Les pays qui ne participent pas à cette démarche pourront voir leurs aides réduites (c’est-à-dire recevoir une pénalité). Cela concerne déjà la République tchèque, où la plus grande entreprise agricole (Agrofert) appartient au Premier ministre Babis, et où seulement quelques dizaines d’exploitants détiennent les trois quarts des subventions agricoles européennes.
Au moins cinq pays (Grèce, Croatie, Chypre, Hongrie et Roumanie) s’opposent encore à la redistribution des subventions agricoles proposée, car, selon eux, elle ne rétablit pas les « inégalités de répartition entre pays de l’UE » encore existantes.
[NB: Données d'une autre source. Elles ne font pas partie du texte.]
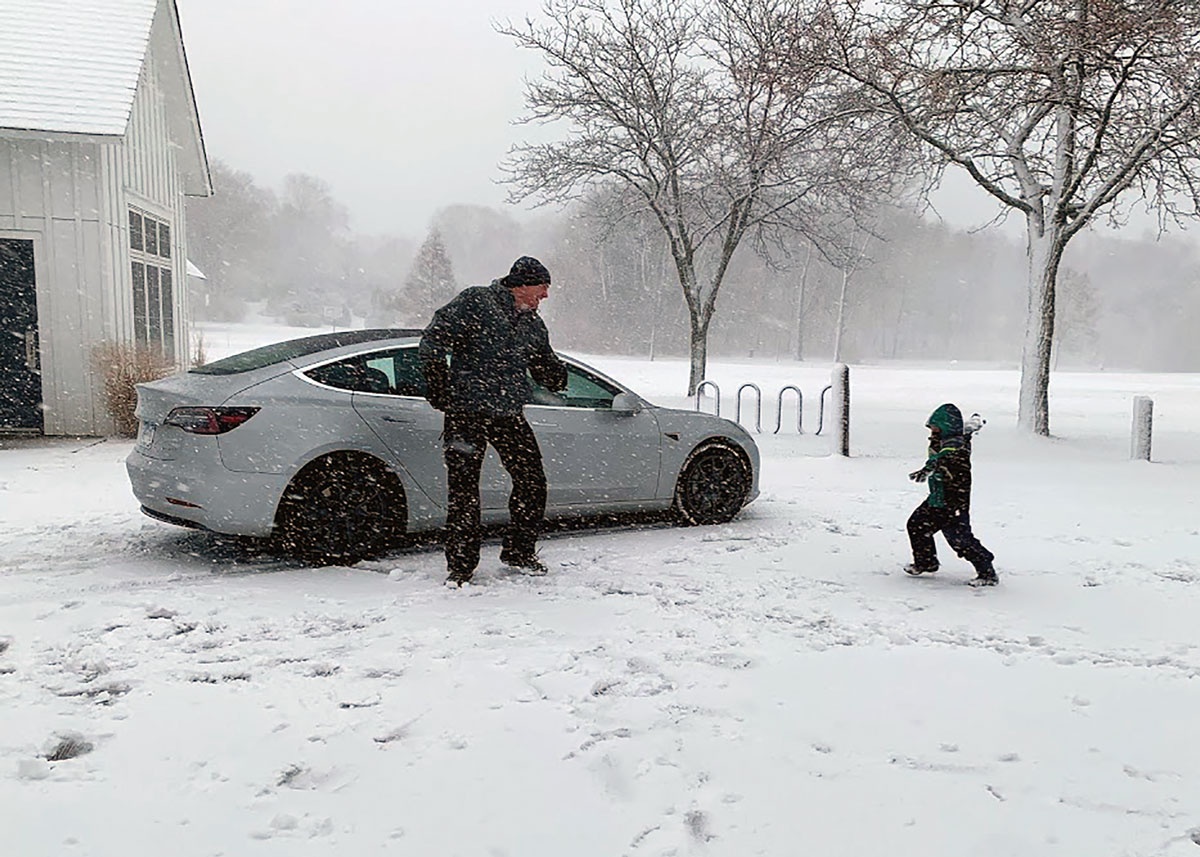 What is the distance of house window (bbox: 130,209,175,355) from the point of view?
13266 millimetres

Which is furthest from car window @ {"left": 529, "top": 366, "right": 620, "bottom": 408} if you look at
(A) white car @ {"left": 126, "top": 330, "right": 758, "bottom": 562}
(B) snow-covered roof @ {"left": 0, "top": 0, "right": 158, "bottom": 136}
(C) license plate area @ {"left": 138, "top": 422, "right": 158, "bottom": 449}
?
(B) snow-covered roof @ {"left": 0, "top": 0, "right": 158, "bottom": 136}

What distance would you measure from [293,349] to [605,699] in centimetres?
342

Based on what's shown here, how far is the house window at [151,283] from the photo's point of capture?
13.3m

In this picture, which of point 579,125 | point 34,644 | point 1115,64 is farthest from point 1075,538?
point 579,125

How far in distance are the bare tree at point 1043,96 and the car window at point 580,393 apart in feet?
28.5

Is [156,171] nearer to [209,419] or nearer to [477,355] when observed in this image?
[209,419]

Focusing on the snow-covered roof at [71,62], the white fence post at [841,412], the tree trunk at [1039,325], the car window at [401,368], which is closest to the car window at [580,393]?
the car window at [401,368]

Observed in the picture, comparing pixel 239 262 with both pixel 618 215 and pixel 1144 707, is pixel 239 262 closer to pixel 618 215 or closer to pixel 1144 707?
pixel 618 215

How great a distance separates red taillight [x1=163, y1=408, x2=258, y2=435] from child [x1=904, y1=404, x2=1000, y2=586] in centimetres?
392

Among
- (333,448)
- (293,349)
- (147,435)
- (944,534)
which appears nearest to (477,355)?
(333,448)

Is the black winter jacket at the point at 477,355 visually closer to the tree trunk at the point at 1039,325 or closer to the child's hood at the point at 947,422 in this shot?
the child's hood at the point at 947,422

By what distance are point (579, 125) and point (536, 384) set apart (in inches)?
683

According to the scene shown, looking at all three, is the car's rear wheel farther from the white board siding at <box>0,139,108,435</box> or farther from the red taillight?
the white board siding at <box>0,139,108,435</box>

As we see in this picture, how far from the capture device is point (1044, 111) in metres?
14.6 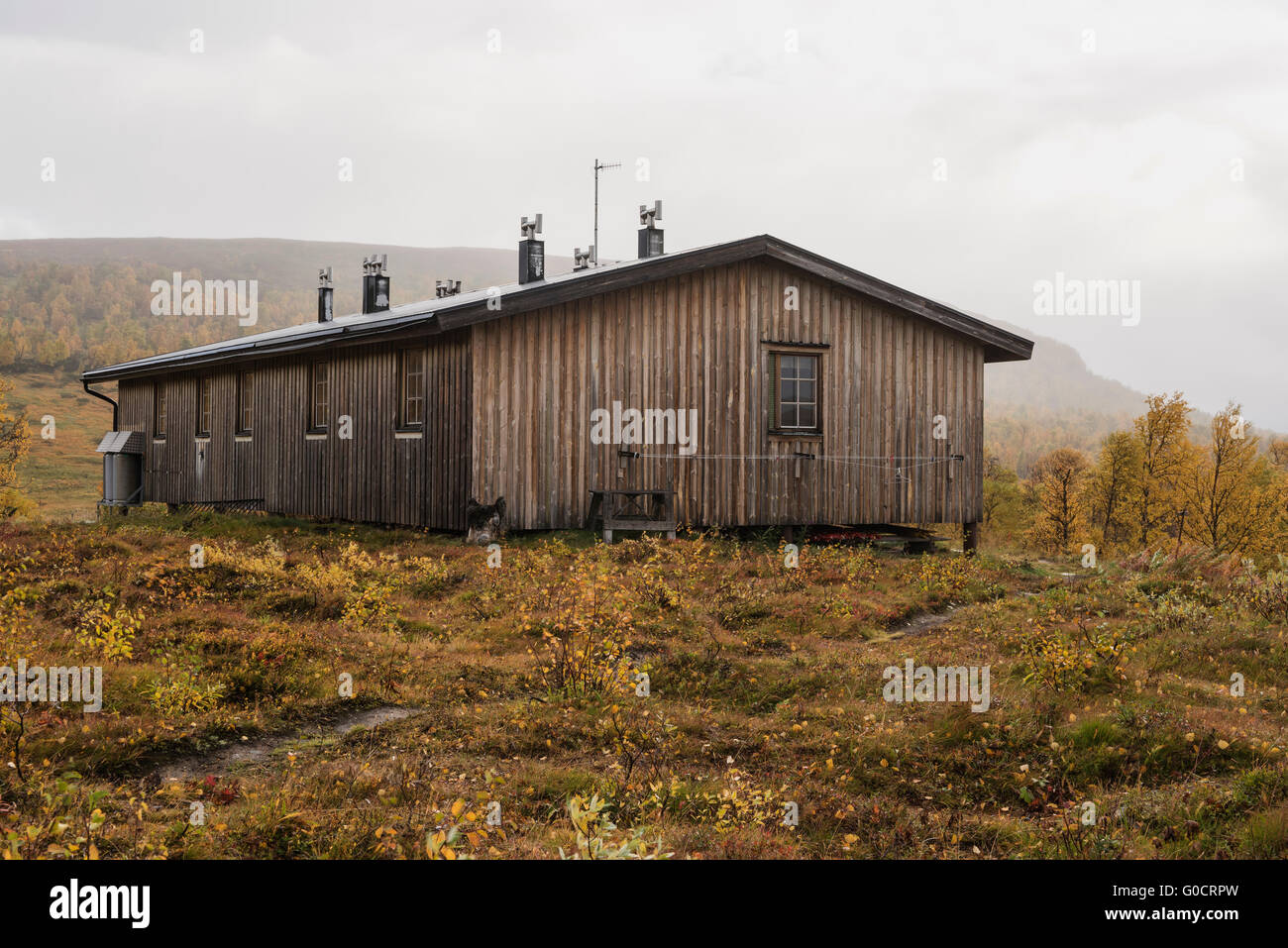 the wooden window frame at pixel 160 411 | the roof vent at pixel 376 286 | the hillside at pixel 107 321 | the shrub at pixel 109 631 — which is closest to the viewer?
the shrub at pixel 109 631

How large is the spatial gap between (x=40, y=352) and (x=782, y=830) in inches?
3777

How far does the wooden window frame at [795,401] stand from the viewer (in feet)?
59.2

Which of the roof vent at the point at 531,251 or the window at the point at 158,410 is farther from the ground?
the roof vent at the point at 531,251

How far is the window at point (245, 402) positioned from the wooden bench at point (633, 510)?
33.4ft

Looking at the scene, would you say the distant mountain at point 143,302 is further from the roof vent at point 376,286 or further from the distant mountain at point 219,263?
the roof vent at point 376,286

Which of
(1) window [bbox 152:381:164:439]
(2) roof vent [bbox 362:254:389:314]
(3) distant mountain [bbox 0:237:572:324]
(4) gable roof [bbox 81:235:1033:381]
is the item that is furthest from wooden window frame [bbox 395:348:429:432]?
(3) distant mountain [bbox 0:237:572:324]

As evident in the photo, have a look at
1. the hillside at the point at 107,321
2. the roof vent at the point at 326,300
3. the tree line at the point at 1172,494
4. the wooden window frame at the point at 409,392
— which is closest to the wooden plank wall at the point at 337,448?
the wooden window frame at the point at 409,392

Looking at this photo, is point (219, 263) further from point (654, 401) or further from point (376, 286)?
point (654, 401)

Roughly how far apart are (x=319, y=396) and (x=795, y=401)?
9.74m

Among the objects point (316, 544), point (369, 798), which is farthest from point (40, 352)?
point (369, 798)

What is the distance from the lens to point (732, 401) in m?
17.7

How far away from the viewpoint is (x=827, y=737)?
255 inches

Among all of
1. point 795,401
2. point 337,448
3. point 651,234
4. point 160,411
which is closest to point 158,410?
point 160,411
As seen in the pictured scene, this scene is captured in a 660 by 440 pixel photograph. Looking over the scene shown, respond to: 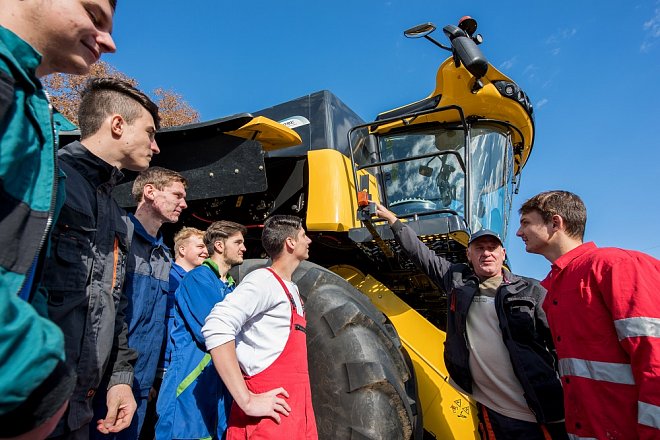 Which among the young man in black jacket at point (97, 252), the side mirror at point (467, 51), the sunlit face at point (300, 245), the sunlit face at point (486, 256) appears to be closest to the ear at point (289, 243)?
the sunlit face at point (300, 245)

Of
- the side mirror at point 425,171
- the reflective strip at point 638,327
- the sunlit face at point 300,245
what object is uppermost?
the side mirror at point 425,171

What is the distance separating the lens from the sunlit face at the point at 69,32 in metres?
1.04

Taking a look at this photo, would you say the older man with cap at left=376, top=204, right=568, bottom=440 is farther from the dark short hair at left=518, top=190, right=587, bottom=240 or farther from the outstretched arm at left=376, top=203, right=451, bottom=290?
the dark short hair at left=518, top=190, right=587, bottom=240

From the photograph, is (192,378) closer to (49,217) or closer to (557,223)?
(49,217)

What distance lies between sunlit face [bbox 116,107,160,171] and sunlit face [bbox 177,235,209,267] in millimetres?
1481

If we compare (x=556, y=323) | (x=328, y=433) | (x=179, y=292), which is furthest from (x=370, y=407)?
(x=179, y=292)

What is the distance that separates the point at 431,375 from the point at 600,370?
156 cm

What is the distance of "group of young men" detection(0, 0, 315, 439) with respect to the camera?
82 centimetres

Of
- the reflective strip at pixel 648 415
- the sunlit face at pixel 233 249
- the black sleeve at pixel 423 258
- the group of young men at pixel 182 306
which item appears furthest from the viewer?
the black sleeve at pixel 423 258

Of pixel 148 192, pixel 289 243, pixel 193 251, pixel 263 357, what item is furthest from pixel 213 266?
pixel 263 357

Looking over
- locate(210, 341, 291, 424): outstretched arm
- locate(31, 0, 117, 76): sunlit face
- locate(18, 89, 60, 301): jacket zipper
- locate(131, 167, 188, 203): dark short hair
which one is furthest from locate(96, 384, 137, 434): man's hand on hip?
locate(31, 0, 117, 76): sunlit face

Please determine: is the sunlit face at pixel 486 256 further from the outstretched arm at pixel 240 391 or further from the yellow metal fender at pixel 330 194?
the outstretched arm at pixel 240 391

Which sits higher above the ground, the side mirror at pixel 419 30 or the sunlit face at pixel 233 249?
the side mirror at pixel 419 30

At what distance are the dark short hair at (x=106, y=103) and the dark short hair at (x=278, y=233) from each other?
96 cm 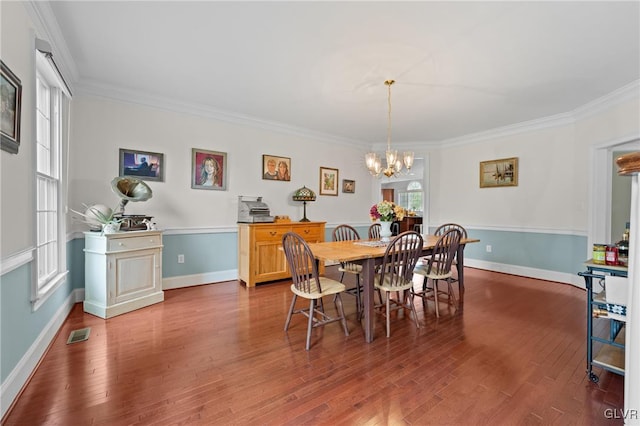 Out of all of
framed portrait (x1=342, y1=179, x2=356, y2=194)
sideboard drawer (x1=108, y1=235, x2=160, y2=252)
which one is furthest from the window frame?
sideboard drawer (x1=108, y1=235, x2=160, y2=252)

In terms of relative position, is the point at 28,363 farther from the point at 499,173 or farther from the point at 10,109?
the point at 499,173

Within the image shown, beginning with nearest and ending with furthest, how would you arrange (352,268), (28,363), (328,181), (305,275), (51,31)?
(28,363), (51,31), (305,275), (352,268), (328,181)

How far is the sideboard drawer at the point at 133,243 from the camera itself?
2.83 m

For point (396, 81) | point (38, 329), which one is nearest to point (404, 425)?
point (38, 329)

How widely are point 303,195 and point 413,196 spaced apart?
720 centimetres

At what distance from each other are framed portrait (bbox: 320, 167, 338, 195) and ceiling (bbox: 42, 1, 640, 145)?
1461mm

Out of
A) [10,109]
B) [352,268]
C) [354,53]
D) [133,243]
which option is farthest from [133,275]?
[354,53]

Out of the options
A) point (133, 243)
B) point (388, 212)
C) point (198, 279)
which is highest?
point (388, 212)

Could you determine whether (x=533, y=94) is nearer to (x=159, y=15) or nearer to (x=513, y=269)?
(x=513, y=269)

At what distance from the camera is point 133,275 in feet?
9.81

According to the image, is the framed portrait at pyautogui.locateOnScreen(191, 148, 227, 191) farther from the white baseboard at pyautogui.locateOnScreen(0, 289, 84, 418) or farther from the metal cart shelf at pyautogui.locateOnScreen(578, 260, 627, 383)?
the metal cart shelf at pyautogui.locateOnScreen(578, 260, 627, 383)

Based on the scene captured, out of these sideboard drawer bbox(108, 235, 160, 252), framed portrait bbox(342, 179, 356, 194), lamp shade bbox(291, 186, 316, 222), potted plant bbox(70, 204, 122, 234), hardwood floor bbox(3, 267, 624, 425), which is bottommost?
hardwood floor bbox(3, 267, 624, 425)

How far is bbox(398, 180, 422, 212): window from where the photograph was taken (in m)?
10.5

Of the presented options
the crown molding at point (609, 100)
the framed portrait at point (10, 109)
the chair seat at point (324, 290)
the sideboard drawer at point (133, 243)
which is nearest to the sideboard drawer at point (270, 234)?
the sideboard drawer at point (133, 243) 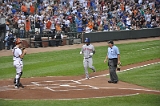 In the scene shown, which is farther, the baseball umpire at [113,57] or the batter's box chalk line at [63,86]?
the baseball umpire at [113,57]

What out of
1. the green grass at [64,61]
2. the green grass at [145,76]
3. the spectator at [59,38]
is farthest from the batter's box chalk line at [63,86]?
the spectator at [59,38]

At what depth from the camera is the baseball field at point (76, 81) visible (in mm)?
13844

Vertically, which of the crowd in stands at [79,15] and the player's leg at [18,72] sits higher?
the crowd in stands at [79,15]

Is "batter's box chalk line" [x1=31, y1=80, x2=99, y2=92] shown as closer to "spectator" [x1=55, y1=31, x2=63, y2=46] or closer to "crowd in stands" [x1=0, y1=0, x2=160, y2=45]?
"crowd in stands" [x1=0, y1=0, x2=160, y2=45]

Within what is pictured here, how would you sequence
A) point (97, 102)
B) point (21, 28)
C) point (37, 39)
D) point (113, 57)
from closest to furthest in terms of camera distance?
1. point (97, 102)
2. point (113, 57)
3. point (37, 39)
4. point (21, 28)

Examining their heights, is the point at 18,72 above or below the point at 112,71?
above

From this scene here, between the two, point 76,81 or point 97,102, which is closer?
point 97,102

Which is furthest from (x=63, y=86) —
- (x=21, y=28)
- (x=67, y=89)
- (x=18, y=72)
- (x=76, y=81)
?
(x=21, y=28)

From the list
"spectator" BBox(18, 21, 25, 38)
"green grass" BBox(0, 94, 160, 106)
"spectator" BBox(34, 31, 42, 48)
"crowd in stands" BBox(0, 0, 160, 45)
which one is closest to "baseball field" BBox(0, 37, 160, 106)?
"green grass" BBox(0, 94, 160, 106)

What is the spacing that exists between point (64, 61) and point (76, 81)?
227 inches

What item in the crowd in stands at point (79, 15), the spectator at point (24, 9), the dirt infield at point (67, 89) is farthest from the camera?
the spectator at point (24, 9)

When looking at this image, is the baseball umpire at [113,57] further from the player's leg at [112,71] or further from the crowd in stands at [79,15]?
the crowd in stands at [79,15]

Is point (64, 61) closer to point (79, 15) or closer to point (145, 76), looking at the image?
point (145, 76)

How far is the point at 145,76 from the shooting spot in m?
18.9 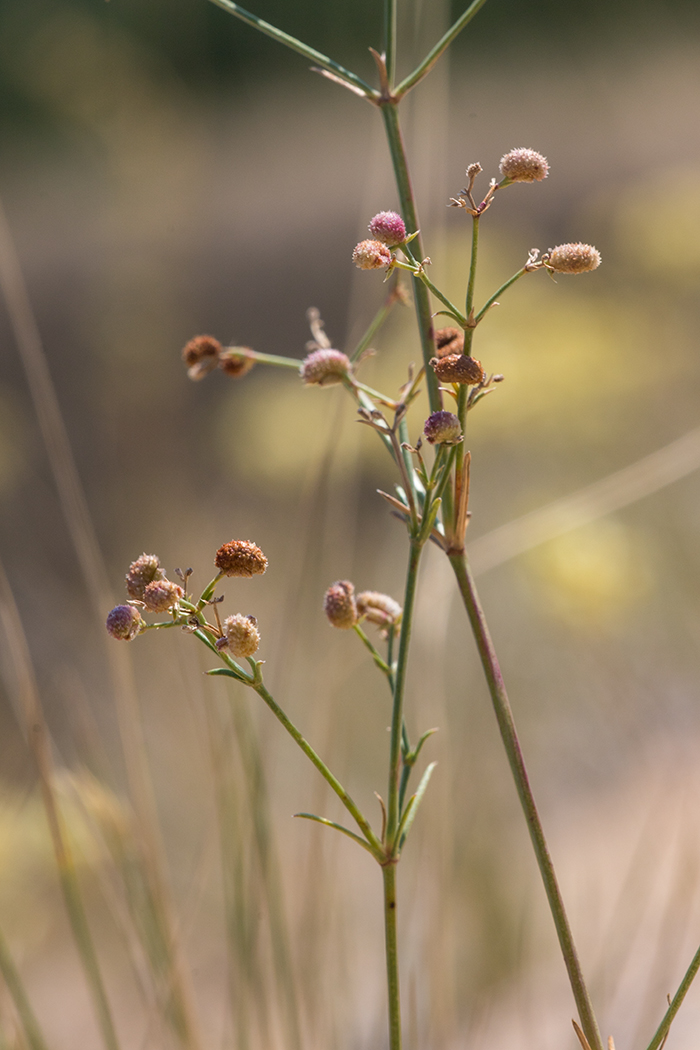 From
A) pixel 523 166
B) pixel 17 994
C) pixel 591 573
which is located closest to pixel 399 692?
pixel 523 166

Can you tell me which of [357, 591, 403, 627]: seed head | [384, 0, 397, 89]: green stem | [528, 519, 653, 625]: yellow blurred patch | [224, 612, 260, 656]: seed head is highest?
[528, 519, 653, 625]: yellow blurred patch

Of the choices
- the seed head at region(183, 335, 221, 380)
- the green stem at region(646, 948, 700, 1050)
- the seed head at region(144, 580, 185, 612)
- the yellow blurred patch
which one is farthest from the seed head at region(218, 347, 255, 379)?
the yellow blurred patch

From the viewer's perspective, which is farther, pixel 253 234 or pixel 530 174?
pixel 253 234

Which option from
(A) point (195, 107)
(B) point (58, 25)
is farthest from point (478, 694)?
(A) point (195, 107)

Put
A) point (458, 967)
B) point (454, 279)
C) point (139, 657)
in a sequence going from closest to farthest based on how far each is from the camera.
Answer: point (458, 967) < point (454, 279) < point (139, 657)

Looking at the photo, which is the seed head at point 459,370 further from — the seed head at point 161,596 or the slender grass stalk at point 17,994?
the slender grass stalk at point 17,994

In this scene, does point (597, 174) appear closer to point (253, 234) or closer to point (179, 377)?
point (253, 234)

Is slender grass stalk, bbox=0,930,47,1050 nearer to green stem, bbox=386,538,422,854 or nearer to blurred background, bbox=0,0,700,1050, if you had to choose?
blurred background, bbox=0,0,700,1050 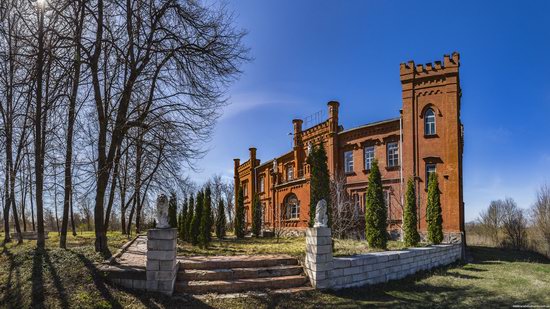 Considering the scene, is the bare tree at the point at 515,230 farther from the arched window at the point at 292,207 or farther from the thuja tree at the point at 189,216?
the thuja tree at the point at 189,216

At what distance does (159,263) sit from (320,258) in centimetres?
349

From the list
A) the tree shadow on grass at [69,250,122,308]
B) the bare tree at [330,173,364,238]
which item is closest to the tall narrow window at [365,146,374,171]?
the bare tree at [330,173,364,238]

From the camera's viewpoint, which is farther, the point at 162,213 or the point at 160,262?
the point at 162,213

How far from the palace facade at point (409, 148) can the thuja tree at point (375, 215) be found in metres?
6.13

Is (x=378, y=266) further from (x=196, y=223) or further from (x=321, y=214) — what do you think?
(x=196, y=223)

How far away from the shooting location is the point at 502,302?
817 cm

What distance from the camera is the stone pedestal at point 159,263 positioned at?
739cm

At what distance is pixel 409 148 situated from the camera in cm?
2236

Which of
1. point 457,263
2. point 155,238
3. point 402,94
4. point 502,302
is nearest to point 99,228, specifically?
point 155,238

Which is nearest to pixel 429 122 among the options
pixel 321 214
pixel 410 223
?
pixel 410 223

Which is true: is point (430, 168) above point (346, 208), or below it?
above

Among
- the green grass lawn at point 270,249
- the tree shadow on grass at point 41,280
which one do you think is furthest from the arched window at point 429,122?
the tree shadow on grass at point 41,280

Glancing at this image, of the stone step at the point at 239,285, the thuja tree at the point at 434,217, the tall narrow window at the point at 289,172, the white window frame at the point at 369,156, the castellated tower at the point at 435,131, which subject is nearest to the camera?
the stone step at the point at 239,285

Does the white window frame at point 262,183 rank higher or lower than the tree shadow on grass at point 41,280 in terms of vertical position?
higher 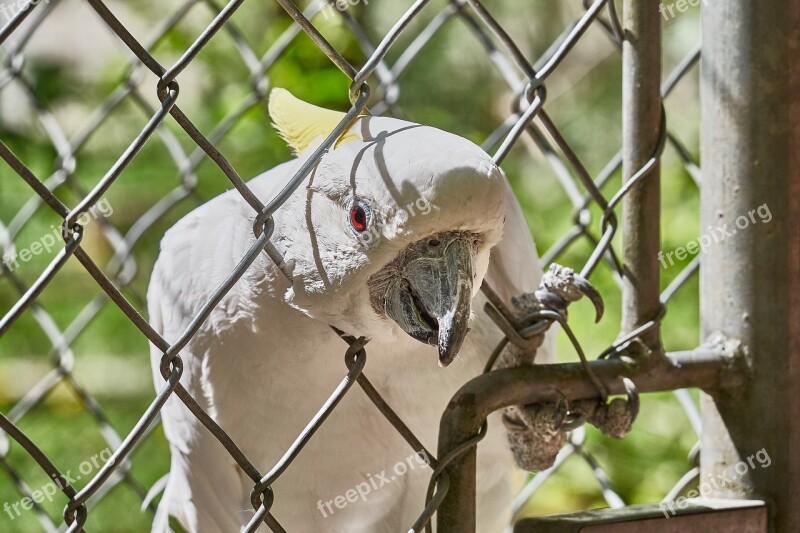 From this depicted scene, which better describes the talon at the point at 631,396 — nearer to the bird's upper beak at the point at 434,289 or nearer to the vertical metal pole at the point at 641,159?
the vertical metal pole at the point at 641,159

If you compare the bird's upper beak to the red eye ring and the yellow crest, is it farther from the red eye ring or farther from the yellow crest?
the yellow crest

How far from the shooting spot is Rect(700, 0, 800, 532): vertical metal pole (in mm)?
906

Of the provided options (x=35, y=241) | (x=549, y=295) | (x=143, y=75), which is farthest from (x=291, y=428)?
(x=35, y=241)

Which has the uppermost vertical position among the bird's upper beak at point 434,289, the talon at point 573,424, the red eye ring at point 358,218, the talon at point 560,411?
the red eye ring at point 358,218

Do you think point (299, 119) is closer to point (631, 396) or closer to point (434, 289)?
point (434, 289)

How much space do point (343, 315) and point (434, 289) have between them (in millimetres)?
148

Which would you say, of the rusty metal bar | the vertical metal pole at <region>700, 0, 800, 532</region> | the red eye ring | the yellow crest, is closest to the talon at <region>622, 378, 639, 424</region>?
the rusty metal bar

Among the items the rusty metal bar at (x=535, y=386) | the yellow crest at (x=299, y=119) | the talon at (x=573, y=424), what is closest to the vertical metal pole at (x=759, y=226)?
the rusty metal bar at (x=535, y=386)

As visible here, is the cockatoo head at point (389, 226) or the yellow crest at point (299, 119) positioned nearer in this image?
the cockatoo head at point (389, 226)

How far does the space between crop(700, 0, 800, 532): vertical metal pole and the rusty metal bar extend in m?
0.03

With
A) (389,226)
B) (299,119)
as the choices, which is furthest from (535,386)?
(299,119)

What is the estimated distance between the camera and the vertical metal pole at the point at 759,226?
0.91 m

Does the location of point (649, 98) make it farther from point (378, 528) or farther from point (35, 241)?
point (35, 241)

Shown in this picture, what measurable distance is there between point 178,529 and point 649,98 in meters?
1.29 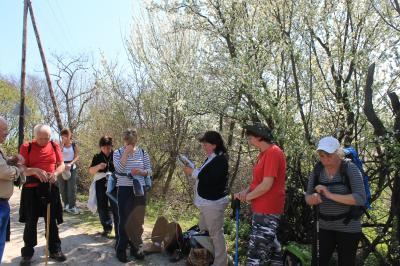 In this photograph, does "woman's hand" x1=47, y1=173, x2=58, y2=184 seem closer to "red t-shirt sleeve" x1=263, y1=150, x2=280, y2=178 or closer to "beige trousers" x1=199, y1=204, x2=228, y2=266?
"beige trousers" x1=199, y1=204, x2=228, y2=266

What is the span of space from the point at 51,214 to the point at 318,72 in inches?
161

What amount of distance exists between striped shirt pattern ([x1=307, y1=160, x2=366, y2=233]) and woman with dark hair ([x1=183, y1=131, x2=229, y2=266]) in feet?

Malgré ces rapprochements, il subsiste suffisamment d’obstacles et de divergences susceptibles de faire échouer les négociations du trilogue. Sur de nombreux points, certains pays peuvent encore rester inflexibles, ou les commissaires européens ou les membres du Parlement européen peuvent s’obstiner à défendre leur propre ligne et vision. La question est alors de savoir s’ils tiennent à raison complète ou s’ils se contentent de la moitié, voire moins.
Parmi ces points de discussion explosifs, encore à débattre, figurent notamment la réduction des pesticides chimiques (moins 50 % en 2030), la diminution des engrais chimiques (moins 20 % en 2030), l’agriculture biologique à 25 % de la surface (uniquement des terres arables ou de toute la surface agricole), le maintien de bandes tampons le long des cours d’eau (combien de mètres ?) et la rotation des cultures (3 %, 4 % ou 5 % des terres arables).
Dans la nouvelle PAC, une partie de la mise en œuvre, du contrôle et de la supervision européens sera transférée aux pays membres, qui pourront en outre décentraliser leurs tâches vers leurs États fédérés ou régions. Ainsi, la politique agricole européenne sera moins uniforme et contraignante, et des mesures transitoires ou des exceptions par pays pourront voir le jour.
La Commission européenne va négocier avec chacun des pays leur approche et leur mise en œuvre des conditions d’octroi des subventions européennes.